Zwei alte Hasen der Solarbranche am selben Tisch: Wie sind Sie zur Branche gekommen?
Joachim Höhne: Ich bin Jahrgang 1953. Bis zur Wende 1989 war ich bei Carl Zeiss in Jena tätig. Nach der Wende haben wir mit Kollegen, unter anderem mit meinem Partner Hans-Uwe Florstedt, eine Vertriebsgesellschaft gegründet. Bei einem Unternehmerseminar in Jena habe ich Jürgen Hartwig kennengelernt. Damals kam uns die Idee, eine Produktionsfirma für Solarmodule insbesondere zur Gebäudeintegration aufzubauen.

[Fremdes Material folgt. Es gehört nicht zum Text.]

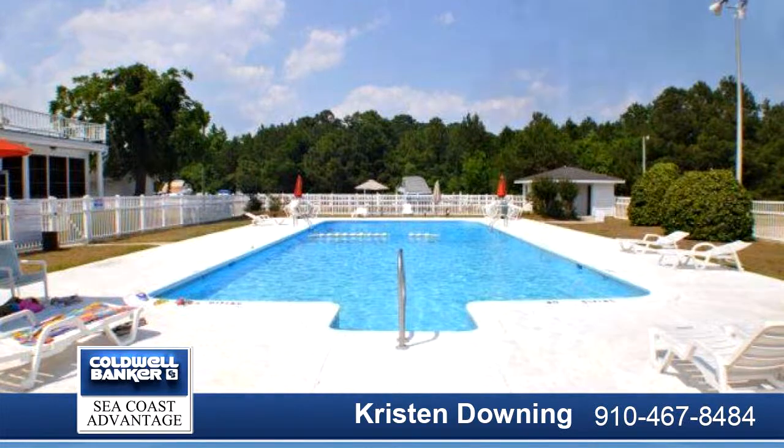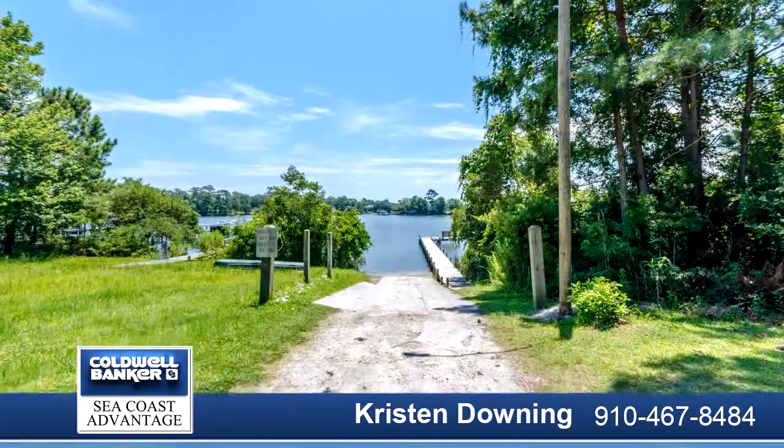If you're looking for a beautiful home close to the beach, restaurants, and base, this is it.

Jürgen Hartwig: Ich bin 1940 geboren, in Chemnitz. 1949 floh meine Familie über Nacht nach Köln, über den Westteil von Berlin. Mein Vater leitete ein großes Werk der Firma Neher Pumpen in Chemnitz, ihm drohte die Verhaftung durch die Russen. Im März 1960 habe ich mein Abitur in Köln gemacht und in Aachen Maschinenbau studiert, Wärmekraftmaschinen und Arbeitsmaschinen. Obwohl meine berufliche Karriere und mein Leben in Westdeutschland verliefen, war mir der Osten förmlich in die Wiege gelegt. Als die Mauer fiel, wollte ich beim Wiederaufbau in den neuen Bundesländern helfen. Dort traf ich Joachim Höhne, das muss 1991 oder 1992 gewesen sein.
Wie verlief Ihre Karriere bis zum Mauerfall und der Grenzöffnung?
Jürgen Hartwig: Nach dem Studium hatte ich mich durch verschiedene Praktika auf Brunnenbau und Pumpen spezialisiert. Anschließend ging ich zur Dechema, wo ich mich mit Kunststoffen befasste. Es folgten einige Jahre bei der Firma Röhm in Darmstadt. Anschließend führten mich meine Wege in den Irak, wo damals große Teile von Bagdads Altstadt modernisiert wurden. Das war vor allem Projektmanagement mit internationalen Teams aus aller Welt. Anfang der 1980er war das noch sehr exotisch und ungewöhnlich.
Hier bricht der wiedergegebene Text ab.